[Data entries]
┄┄┄┄┄┄┄┄┄┄

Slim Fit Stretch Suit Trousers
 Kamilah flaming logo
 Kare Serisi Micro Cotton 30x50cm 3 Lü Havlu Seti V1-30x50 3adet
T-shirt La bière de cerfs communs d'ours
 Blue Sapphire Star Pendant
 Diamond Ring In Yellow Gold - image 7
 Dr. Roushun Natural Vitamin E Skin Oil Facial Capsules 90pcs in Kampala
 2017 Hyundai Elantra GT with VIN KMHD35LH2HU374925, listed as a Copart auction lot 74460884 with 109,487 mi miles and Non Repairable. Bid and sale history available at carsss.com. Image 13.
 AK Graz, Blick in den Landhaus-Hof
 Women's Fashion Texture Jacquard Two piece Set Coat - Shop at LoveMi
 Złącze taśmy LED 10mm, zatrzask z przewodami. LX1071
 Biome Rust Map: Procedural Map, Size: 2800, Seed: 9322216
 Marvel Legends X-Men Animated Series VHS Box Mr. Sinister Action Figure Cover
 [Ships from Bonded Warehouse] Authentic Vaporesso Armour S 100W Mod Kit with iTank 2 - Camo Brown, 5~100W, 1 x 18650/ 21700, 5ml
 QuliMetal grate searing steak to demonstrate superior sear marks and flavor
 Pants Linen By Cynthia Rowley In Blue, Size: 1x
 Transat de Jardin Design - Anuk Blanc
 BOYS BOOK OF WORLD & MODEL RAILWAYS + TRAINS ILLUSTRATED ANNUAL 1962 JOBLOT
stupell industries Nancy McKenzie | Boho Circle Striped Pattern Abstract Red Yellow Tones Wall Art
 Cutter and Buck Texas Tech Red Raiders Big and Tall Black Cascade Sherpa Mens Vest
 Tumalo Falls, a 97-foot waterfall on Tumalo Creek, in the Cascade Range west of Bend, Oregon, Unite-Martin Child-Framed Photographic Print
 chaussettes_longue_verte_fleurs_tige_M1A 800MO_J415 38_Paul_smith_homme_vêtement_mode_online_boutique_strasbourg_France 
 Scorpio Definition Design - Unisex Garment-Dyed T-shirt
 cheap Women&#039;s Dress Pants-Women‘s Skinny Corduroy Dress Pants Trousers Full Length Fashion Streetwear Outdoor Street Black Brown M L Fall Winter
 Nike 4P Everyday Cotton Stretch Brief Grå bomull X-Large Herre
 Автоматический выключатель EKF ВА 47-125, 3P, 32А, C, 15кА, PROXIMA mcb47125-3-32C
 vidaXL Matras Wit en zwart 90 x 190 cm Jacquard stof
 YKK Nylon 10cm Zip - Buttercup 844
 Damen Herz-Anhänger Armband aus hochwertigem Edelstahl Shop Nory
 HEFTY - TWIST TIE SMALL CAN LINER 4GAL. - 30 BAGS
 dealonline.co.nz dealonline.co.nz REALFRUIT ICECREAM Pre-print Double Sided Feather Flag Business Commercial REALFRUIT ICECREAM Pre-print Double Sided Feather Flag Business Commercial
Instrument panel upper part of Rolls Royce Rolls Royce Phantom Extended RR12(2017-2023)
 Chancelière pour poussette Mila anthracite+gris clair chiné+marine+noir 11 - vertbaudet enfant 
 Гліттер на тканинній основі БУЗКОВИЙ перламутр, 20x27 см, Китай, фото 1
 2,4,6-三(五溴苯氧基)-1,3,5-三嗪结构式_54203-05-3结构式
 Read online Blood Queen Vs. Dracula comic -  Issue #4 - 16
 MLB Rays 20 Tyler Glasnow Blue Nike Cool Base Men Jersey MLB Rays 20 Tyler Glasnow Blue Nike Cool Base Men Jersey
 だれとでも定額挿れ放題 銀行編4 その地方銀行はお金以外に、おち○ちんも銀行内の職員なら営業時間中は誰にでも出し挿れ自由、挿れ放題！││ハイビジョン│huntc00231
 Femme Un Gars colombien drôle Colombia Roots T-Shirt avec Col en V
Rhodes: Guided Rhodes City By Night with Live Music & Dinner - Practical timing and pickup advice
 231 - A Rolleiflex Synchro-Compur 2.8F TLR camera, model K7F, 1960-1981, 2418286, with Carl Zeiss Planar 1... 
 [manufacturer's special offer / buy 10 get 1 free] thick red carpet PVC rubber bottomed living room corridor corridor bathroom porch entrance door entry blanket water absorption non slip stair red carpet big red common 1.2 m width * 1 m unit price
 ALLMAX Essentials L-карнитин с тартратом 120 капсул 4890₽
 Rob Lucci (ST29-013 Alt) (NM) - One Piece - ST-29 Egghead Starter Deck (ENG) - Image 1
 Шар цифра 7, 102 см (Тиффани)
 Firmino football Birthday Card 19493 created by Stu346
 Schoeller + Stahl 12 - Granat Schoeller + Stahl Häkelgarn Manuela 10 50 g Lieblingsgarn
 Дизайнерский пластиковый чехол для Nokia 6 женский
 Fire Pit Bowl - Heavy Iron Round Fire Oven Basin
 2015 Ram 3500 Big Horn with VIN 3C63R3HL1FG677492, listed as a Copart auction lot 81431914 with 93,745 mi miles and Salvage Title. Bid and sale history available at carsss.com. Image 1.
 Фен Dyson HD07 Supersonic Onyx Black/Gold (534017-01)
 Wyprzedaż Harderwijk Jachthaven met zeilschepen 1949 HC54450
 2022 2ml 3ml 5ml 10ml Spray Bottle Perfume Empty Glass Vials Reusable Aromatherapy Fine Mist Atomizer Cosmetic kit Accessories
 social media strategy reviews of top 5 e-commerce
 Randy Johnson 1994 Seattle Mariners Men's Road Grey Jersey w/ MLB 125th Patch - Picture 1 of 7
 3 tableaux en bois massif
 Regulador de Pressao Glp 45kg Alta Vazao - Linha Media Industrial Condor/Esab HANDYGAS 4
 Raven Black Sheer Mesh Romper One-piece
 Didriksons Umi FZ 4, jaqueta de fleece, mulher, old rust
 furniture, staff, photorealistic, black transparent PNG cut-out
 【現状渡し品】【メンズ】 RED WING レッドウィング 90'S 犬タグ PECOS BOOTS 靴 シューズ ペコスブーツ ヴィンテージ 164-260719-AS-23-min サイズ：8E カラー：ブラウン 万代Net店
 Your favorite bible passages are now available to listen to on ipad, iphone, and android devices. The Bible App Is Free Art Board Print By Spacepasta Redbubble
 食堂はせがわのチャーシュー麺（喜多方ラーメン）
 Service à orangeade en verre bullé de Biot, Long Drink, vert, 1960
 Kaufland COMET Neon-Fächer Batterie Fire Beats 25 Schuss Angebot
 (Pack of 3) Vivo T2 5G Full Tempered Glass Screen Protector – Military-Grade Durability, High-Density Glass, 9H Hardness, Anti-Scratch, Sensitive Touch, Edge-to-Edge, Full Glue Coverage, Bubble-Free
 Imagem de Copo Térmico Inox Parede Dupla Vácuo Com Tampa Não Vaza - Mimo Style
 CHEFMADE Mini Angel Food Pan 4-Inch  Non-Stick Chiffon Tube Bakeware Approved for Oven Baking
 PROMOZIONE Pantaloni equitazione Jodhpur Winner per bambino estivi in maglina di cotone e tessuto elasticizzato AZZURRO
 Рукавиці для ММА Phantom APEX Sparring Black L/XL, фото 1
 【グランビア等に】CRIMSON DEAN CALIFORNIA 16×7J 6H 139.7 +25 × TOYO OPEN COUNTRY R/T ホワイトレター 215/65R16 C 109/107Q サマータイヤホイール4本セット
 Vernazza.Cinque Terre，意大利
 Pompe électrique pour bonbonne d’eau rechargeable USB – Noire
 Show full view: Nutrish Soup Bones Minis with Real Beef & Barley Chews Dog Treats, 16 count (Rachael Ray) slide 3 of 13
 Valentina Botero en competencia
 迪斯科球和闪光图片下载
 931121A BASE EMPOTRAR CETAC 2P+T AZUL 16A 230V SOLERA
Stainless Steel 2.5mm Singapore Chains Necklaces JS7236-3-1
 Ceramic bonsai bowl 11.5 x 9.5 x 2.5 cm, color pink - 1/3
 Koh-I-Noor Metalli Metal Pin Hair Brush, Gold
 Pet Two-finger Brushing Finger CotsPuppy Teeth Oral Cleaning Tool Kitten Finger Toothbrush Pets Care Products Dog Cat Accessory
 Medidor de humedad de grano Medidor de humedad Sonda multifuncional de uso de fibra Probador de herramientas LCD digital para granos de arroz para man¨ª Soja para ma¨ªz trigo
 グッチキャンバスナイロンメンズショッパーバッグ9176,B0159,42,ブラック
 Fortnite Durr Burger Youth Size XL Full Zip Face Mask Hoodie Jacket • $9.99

┄┄┄┄┄┄┄┄┄┄

THE TASK -
Above are the entries; copy every line among them that contains the word "miles".

EXERCISE RESULT -
 2017 Hyundai Elantra GT with VIN KMHD35LH2HU374925, listed as a Copart auction lot 74460884 with 109,487 mi miles and Non Repairable. Bid and sale history available at carsss.com. Image 13.
 2015 Ram 3500 Big Horn with VIN 3C63R3HL1FG677492, listed as a Copart auction lot 81431914 with 93,745 mi miles and Salvage Title. Bid and sale history available at carsss.com. Image 1.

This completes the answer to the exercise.